David Hannah, principal consultant at Cornerstone Tax, here discusses why the UK housing market hasn’t started to accept crypto as payment and whether this will ever change.
"2021 could be considered as the year of crypto, being marked by several major breakthroughs for cryptocurrencies. New crypto applications like non-fungible tokens (NFTs) set new records at major auction houses, Bitcoin made big strides towards mainstream acceptance with major websites accepting the coin as a means of exchange, and even a country – El Salvador - becoming the first country to accept Bitcoin as legal tender.
Despite all this, the UK housing market still has not started to accept crypto as legal tender for buying a house. I discuss why this is and whether it will change in the future.
The rise of cryptocurrency has continued throughout 2022, with digital currencies now well on their way to becoming part of mainstream finance. The last year has seen a drastic transformation and an astronomical rise for crypto, but with the market still being considered as volatile, the future of the crypto market remains unclear.

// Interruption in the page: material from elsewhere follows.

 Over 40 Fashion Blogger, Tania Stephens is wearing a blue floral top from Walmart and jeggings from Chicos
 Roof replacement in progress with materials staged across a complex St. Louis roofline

The increasing mainstream attention which cryptocurrency is achieving has meant that the number of institutions accepting cryptocurrencies as a method of payment is growing by the day, with products such as cars, insurance, technology, and jewellery all being available to purchase using a cryptocurrency as a payment method. However, one product which is still unavailable to buy via cryptocurrency is UK real estate.
The volatile nature of cryptocurrency has caused complications in accepting it as a trade for a UK property, with fluctuations being sizeable in the market, however, with the market cap of the top 3 cryptocurrencies amounting to $1.4 trillion it seems impossible to deny for too long.

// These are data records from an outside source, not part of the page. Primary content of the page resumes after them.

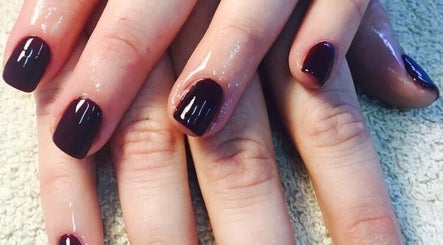 Dark polished nails showcased at Beauty Spot Salon, Port Elizabeth, Eastern Cape, ZA.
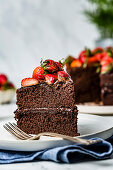 A chocolate cake decorated with fresh chopped strawberries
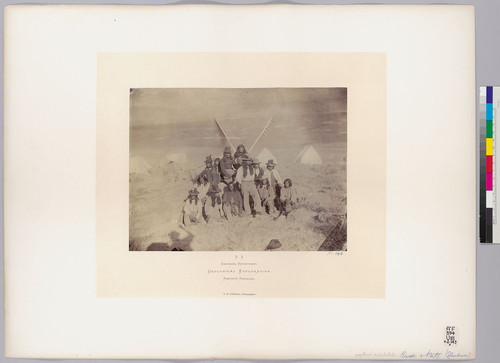 Buck and staff (Shoshones). [Shoshone Indians: group with flags]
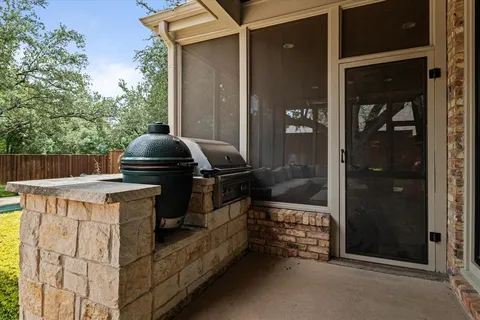 a view of a building with sitting area and furniture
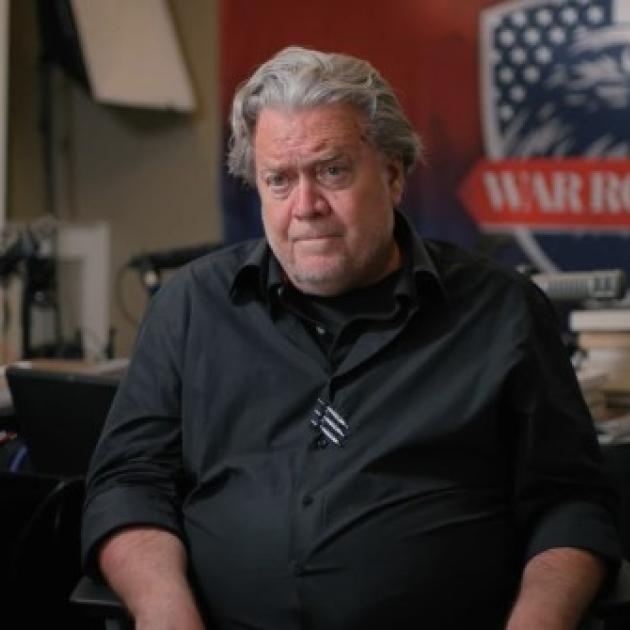 Gray haired white man by a sign reading War Room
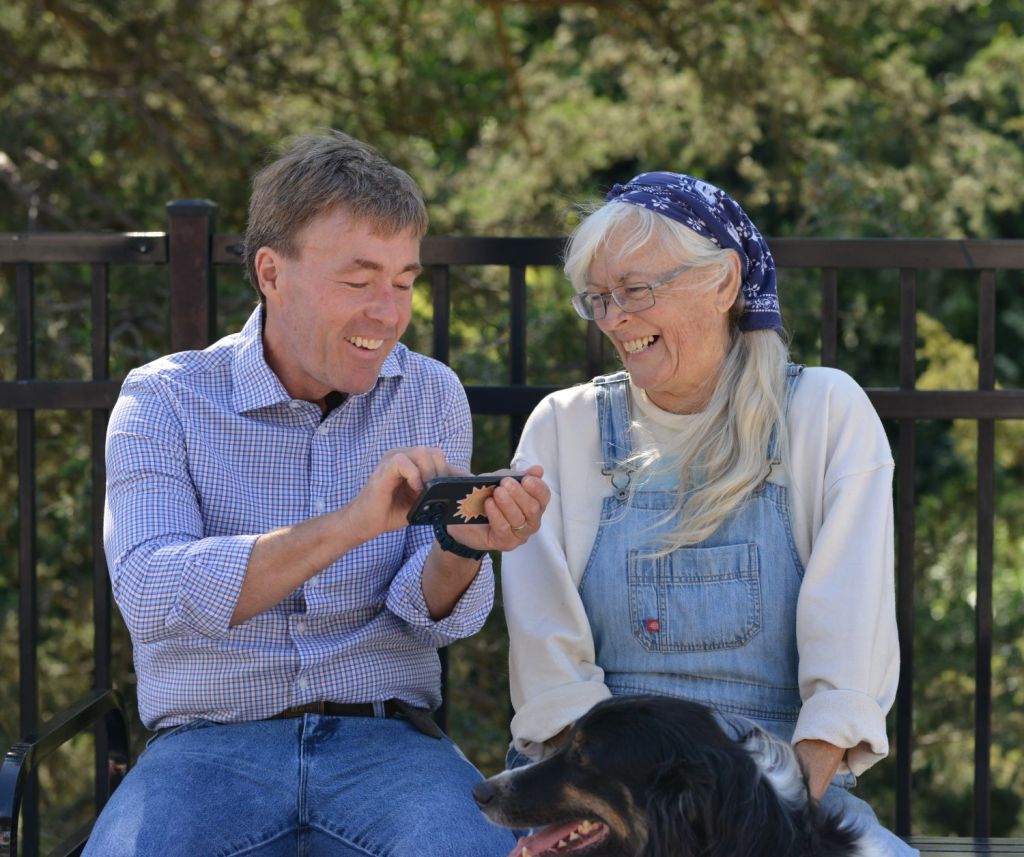 A candid, sunny outdoor photograph of Ben Schierer and Valerie Thompson sitting together on a bench, laughing as they look at a smartphone, with a black and tan dog in the foreground.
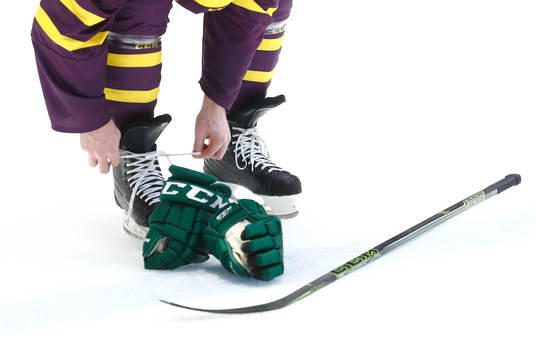 Generell bild av en ishockeyspelare som knyter skridskor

The UK housing market has not yet adopted cryptocurrency as a recognised method of payment, but how long will it take?
Why and when?
Why the UK housing market doesn’t accept cryptocurrency as payment is a hot topic. The answer is fairly straightforward – generally currencies are traded on a recognised exchange, currencies usually belong to nation states who have central banks, for example The Bank of England regulates sterling, and the US Fed regulates the dollar.
The truth is, there is no central bank for cryptocurrency, it doesn’t have a nation state. So, it can’t be a recognised currency and can’t be exchanged or traded against other currencies. In fact, a cryptocurrency is an asset, a bit like a tangible asset like gold, or indeed any other valuable asset – like a work of art or a vintage car.

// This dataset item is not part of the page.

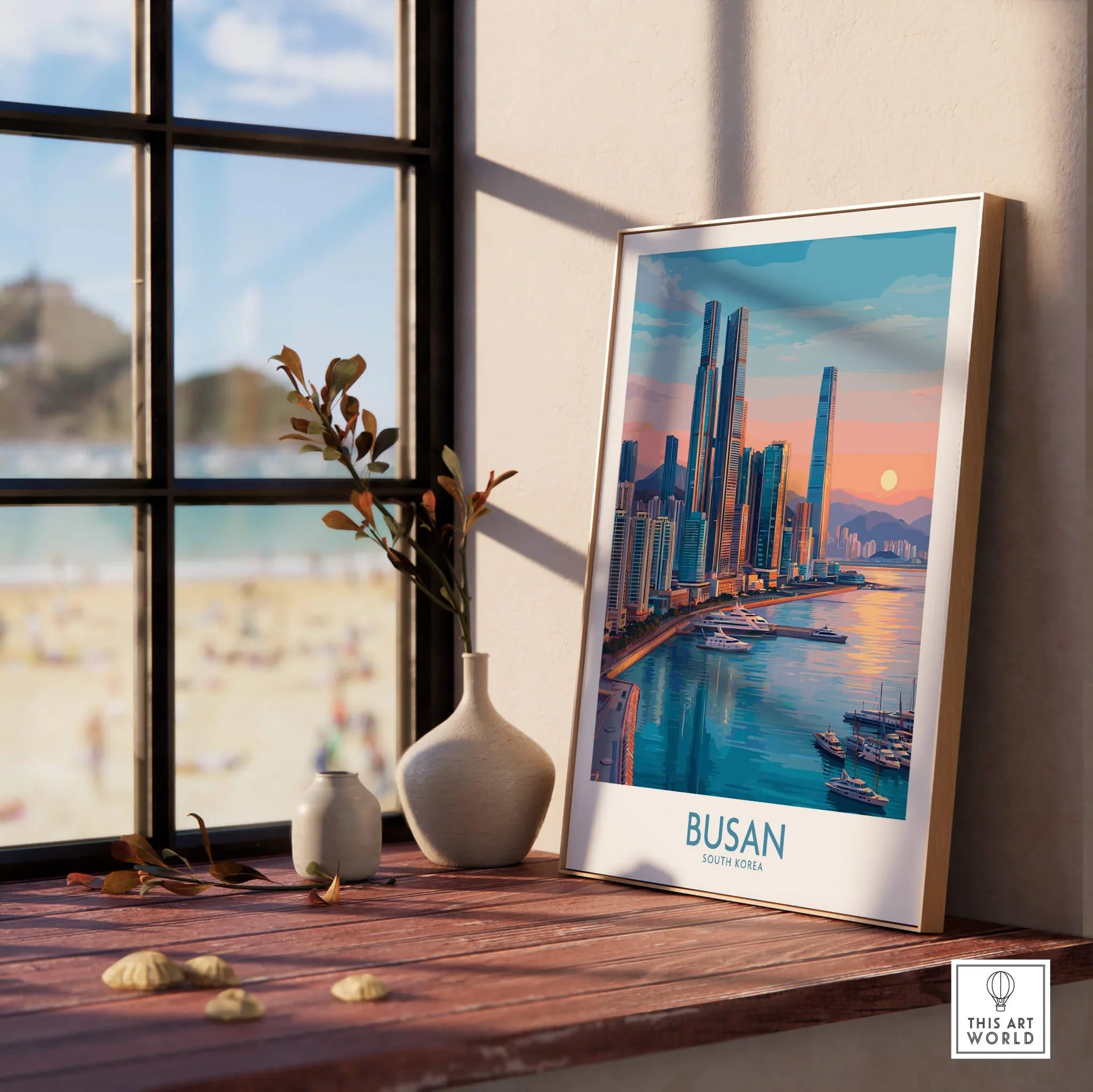 Framed Busan city skyline print on wooden windowsill, beach scene outside window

These, unlike recognised currencies, are chargeable to capital gains tax. However, not a lot of people realise that foreign currency gains are exempt from CGT. As Bitcoin and its sisters are regarded as assets, they are taxable. Because of that, if you were trying to buy a property with a cryptocurrency, you wouldn’t be paying in a foreign currency – which the stamp duty legislation takes account of, but rather exchanging one asset – the cryptocurrency, for another asset – the house.
"If you take payment in a foreign currency, the SDLT rules require you to take the exchange rate on the day of completion. However, with the exchange of a non-monetary asset you must take the market value. Valuing cryptocurrency on any given day is straightforward, but for example, if I wanted to swap my house for your Mona Lisa, how would we value that? There is also the problem of transmission and certification of value. Solicitors are not geared up to deal with non-monetary consideration. This is why you won’t be able to buy a UK property with cryptocurrency, yet.
It’s going to take time for things to become more mainstream, only the market will dictate how long that takes."